Here is a look at the 10 best players left on the market—using Tim Dierkes' ranking of this winter's crop at MLB Trade Rumors—and scouts' views on whether they’re worth a substantial investment.
Free agent: 1B Prince Fielder
Scout's view: "People look at his body and think it's dangerous to give him a long-term contract. I don't buy that. He might not look good in his uniform, but he's strong and durable, and he might have another 50-home-run season in him. He's one of the best power hitters in the game, he's only 28 years old, and he's a good kid. If I had the money and the need, I'd sign him in a heartbeat."
Free agent: RHP Edwin Jackson
Scout's view: "He's a different kind of free agent than you normally see, because you're looking at what he might do rather than what he has done. I know he's bounced around and he's 28, but I really see some upside here. I think he's starting to figure things out. I don't know if I'd go five years on him, but I might gamble with a four-year contract or at least three and an option."
Free agent: RHP Ryan Madson
Scout's view: "The red flag for me is that the Phillies were reportedly gung ho to re-sign him, then suddenly reversed course and signed Jonathan Papelbon to be their closer. Nobody knows players better than their own teams, and it's been a poorly-kept secret for a long time that the Phillies didn't think he had the mental makeup to be a top-flight closer. He pitched well in that role last year, but I'd be hesitant to go past one year on him. I just keep coming back to the Phillies backing off."
Free agent: RHP Hiroki Kuroda
Scout's view: "I like him a lot, and I'd give him big money on a one-year contract if I knew I was one good starting pitcher from putting my club over the top. He's one of the few pitchers who have come over from Japan and been as good as advertised. In fact, he's been better than advertised. He is really underrated."
Free agent: 1B Carlos Pena
Scout's view: "He can still help someone, but you better have a good right-handed hitter to platoon with him. He's completely helpless against left-handers now, so you can't play him 155-160 games anymore. At this stage of his career, he's a complementary player rather than a major cog in a lineup, and I'd pay him accordingly."

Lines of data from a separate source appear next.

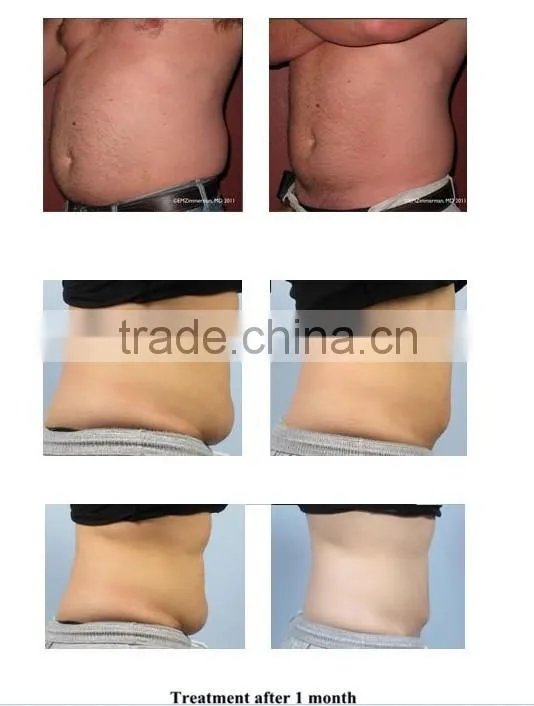 lipo laser vacuum cryo lipo machine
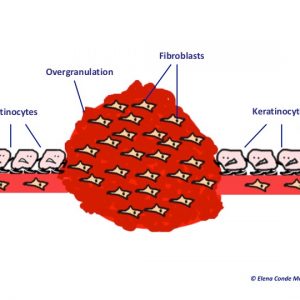 overgranulation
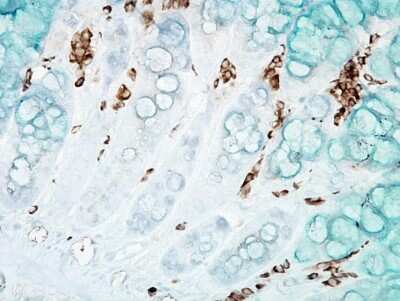 Immunohistochemistry: DNA/RNA Damage Antibody (15A3) [NB110-96878] - Immunohistochemistry analysis using Mouse Anti-DNA/RNA DamageMonoclonal Antibody, Clone 15A3 (NB110-96878). Tissue: inflamed colon. Species: Mouse. Fixation: Formalin. Primary Antibody: Mouse Anti-DNA/RNA DamageMonoclonal Antibody (NB110-96878) at 1:1000000 for 12 hours at 4C. Secondary Antibody: Biotin Goat Anti-Mouse at 1:2000 for 1 hour at RT. Counterstain: Mayer Hematoxylin (purple/blue) nuclear stain at 200 l for 2 minutes at RT. Magnification: 40x. With anti-microbial.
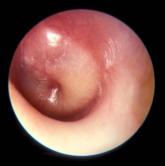 Tympanic membrane now keys otitis media diagnosis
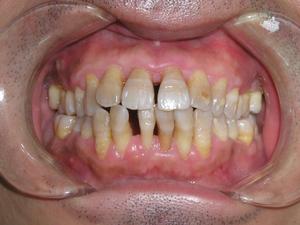 牙齿松了可以做补齿吗,牙松了用冷酸灵能固齿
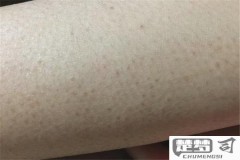 毛周角化症怎么去除？有效方法与自然疗法全解析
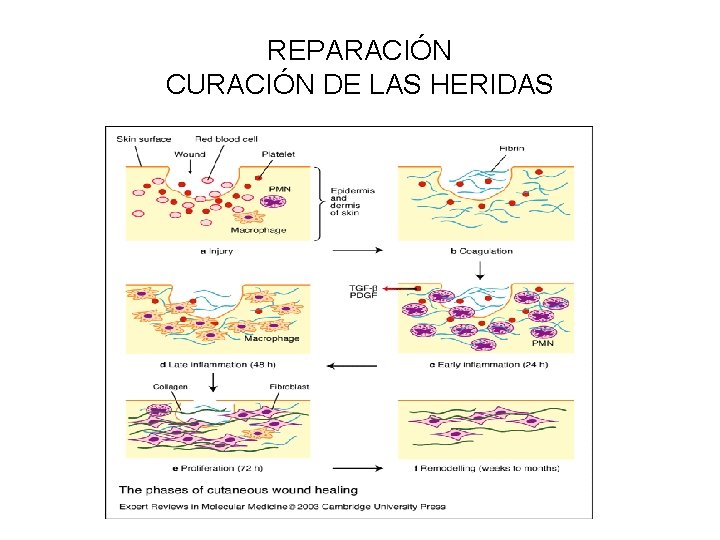 REPARACIÓN CURACIÓN DE LAS HERIDAS 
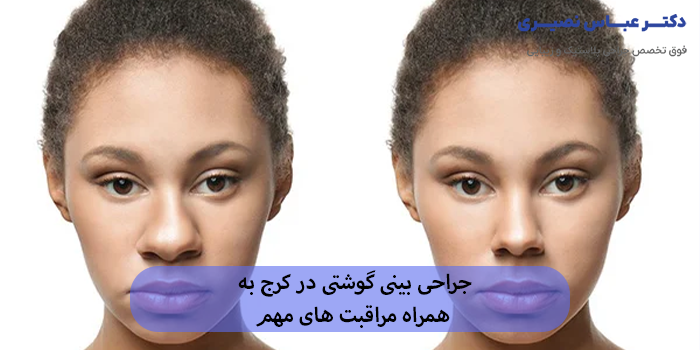 جراحی بینی گوشتی در کرج به همراه مراقبت های مهم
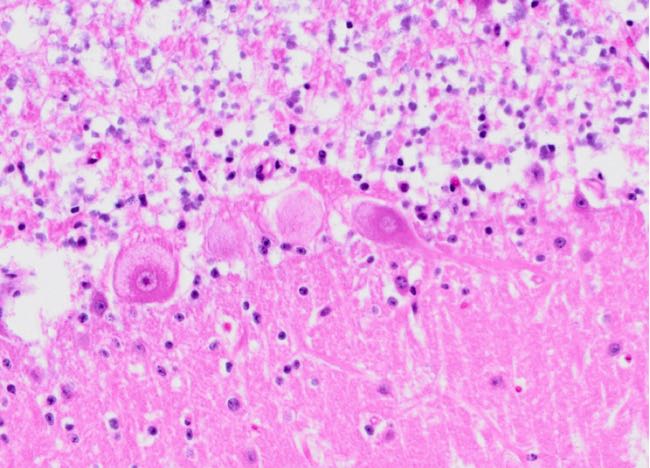 Photomicrograph of bovine brain showing foamy vacuolation of neural cytoplasm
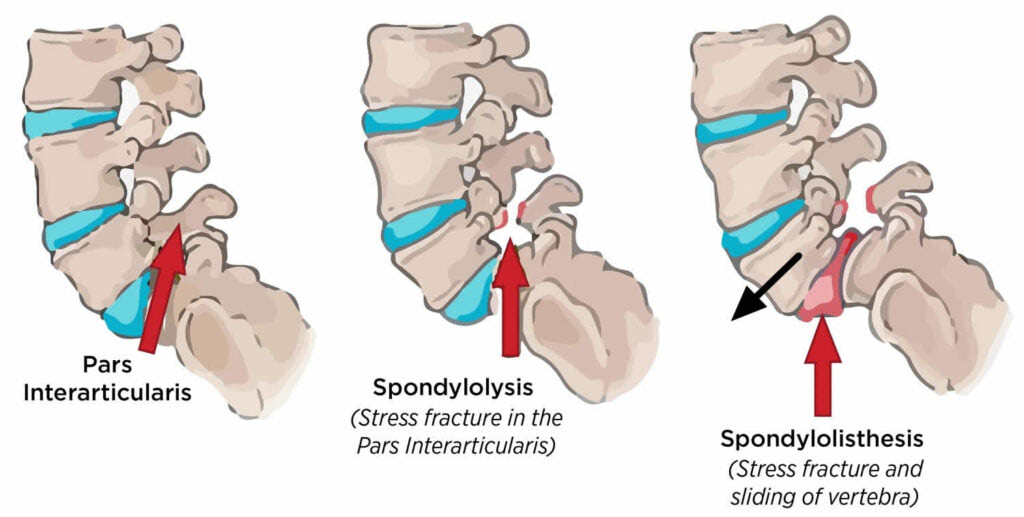 Spondylolysis-versus-spondylolisthesis-low-back-pain-toronto-1024x517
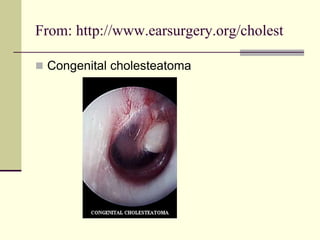 From: http://www.earsurgery.org/cholest
 Congenital cholesteatoma
 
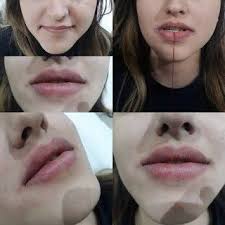 Dudak Dolgusu Nasil Yapilir Uygulama Sekli Ve Cesitleri Antalya Juvederm Dysport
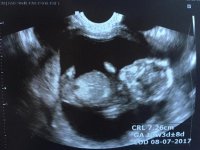 ultrasound13.5 3.jpg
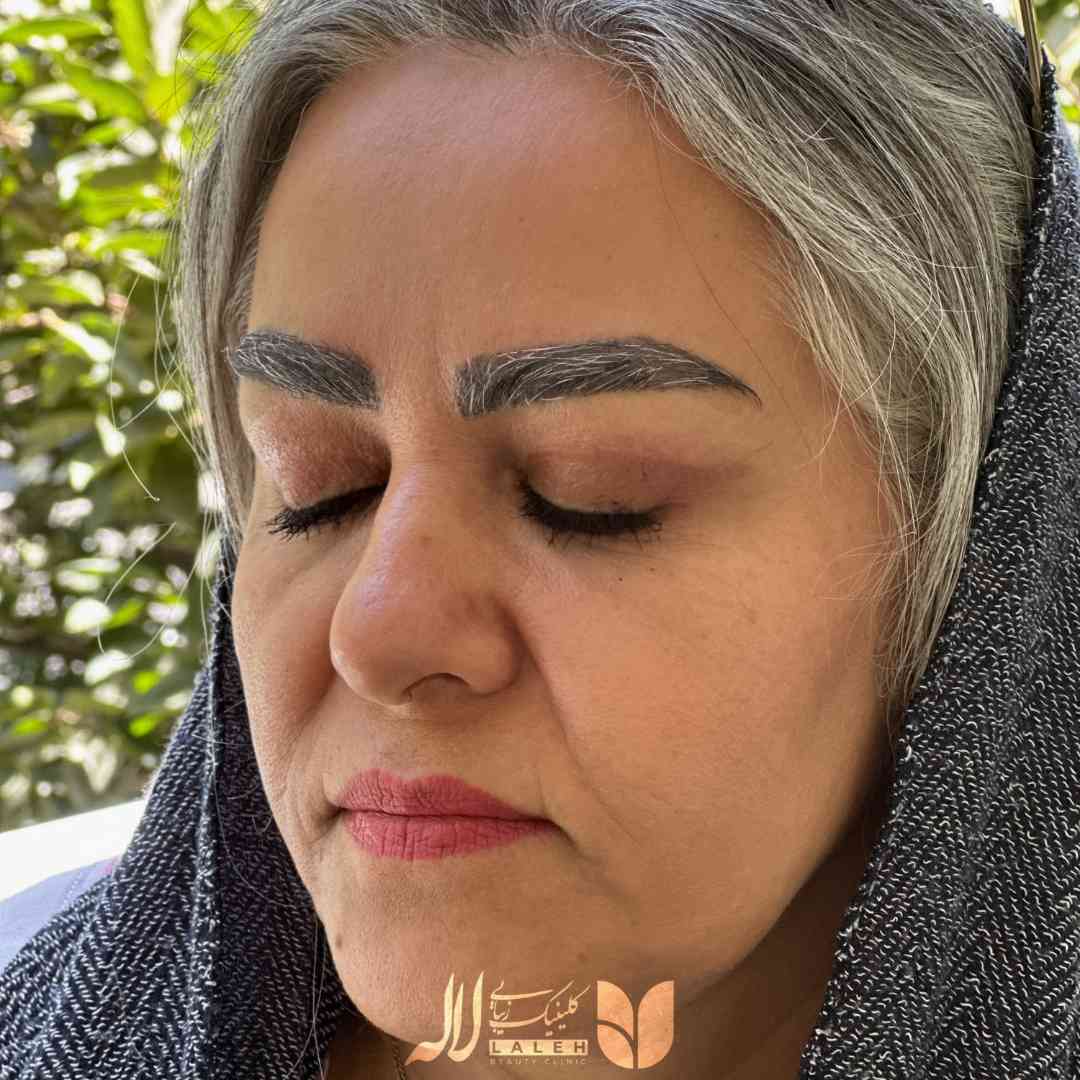 عکس ریزش ابرو بعد از کاشت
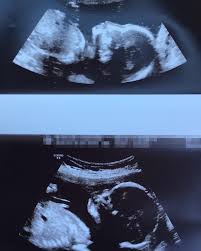 What Doctors Spotted on the Ultrasound Left Them Speechless — And This Baby  Girl Captivated Everyone from the Moment She Was Born 👶🩷✨ When  29-year-old Emily Foster from Kent, England 🇬🇧, walked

Free agent: RHP Roy Oswalt
Scout's view: "He's willing to take a one-year contract, and that's the only way I would sign him. You wonder how much longer he is going to last because of his back problems. He's still Roy Oswalt, and I wouldn't count him out, but I also wouldn't go crazy to sign him."
Free agent: RHP Javier Vazquez
Scout's view: "I think he's serious when he says he is going to retire, and I'm happy for him. You see so many guys in this game hang on too long, and it ends badly. This story has a good ending."
Free agent: LHP Paul Maholm
Scout's view: "He was asked to be a No. 1 in Pittsburgh, and that just wasn't fair. On a good team, he's a No. 5, maybe a No. 4. I'd take a shot on him for the back end of the rotation. He has a good idea of what he's doing on the mound and makes up for not being overpowering by getting guys to hit the ball on the ground. Put him on the right team in the right park with the stars aligned just right, and he might win you 15 games."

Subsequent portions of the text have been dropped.